The following stations marked the route the Bluff train took: from Durban Station the first stop was Berea Station, then Congella, Umbilo, South Coast Junction (Rossburgh), Clairmont, Jacobs, Wentworth, King’s Rest, Fynnland, New Brighton (Mrs Shortts property) and finally Wests. The Mercury’s description of the journey published on June 14 provides an idea of the state of the environment at this time. “The route through mangrove, sugar cane and banana beside the lapping water of the Bay afforded new glimpses of the port and neighborhood.” (Sugar cane was grown in the Umhlatuzana River area). 
The historic, first train left Durban Station at 9:50am and returned just before noon. Although Sam West reportedly delighted that his name marked the terminus of the line, the occasion was without any fanfare. The railway had taken fourteen months to complete at a cost of £3,000 per mile. The final mile terminating at West’s had required 13,000 cubic yards of stone to secure and stabilize the embankment.The fare for a first class, single journey was one shilling and nine pence. Return was two shillings and three pence. Second class was one shilling and two pence with return just four pence more expensive. Third class was just seven pence with no figure mentioned on the advertising poster for return. Only two trips to the Bluff were scheduled daily: mid-morning and mid-afternoon with more frequent services over the weekends. 


On the very day of the opening of the new Bluff destinations, the mercury published a letter from the irate Bluff resident who signed himself “Wentworth”. The writer objected to the trip scheduling as being totally inconvenient for children attending schools in Durban or those with business interests. “In the absence of any road forth that name, the least the government can do is to provide a decent train service.” (One must remember that apart from the Catholic mission for Africans, there were no schools on the Bluff until Fynnland Primary School was opened in 1936).
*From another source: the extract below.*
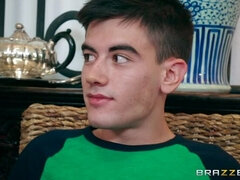 Grote mammen, Bedriegen, Stel, Sperma shot, Sperma in gezicht, Handbeurt, Italiaans, Doordringend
Nonetheless, the railway was a huge boon to the Bluff residents and visitors as there was no established road which meant a difficult trek through bush to travel around the bay. Alternatively, there was a ferry service from the Point across to Wests and Salisbury Island. However, that was not how the Durban Chamber of Commerce saw it.
In a letter dated 13 June 1896 to Prime Minister John Robinson, without giving reasons the chamber said it was “disapproving of the Bluff railway scheme” and preferred to see the Government develop more wharfage along the town side of the Bay. In his reply, Robinson ignored the Chambers Bluff reviews and reassured it that his Government was already proceeding to extend the wharfage on the town side. 
Correspondence relating to the construction of the railway provides another insight on the Bluff line. Jane Shortt, widow of Portland Bentinck who died in 1885, claimed compensation from the NGR for encroaching on her property. In 1896, when the rail Route was being surveyed, Mrs Shortt noticed that it had passed through part of her new = Lot No. 27 which she stated had been bought by her late husband in 1857. The chief engineer of NGR promised that her claim would be dealt with in due course. 
Although the establishment of the Bluff railway was indicative of the growth of the Bluff as a residential node, there was also another reason for the lines construction: Harbour development and expansion envisaged the relocation of the messy coaling depot from the Point area to the Bluff headland. The railway was a crucial factor in that development which required reclamation and wharfage construction in order to establish the coating depot.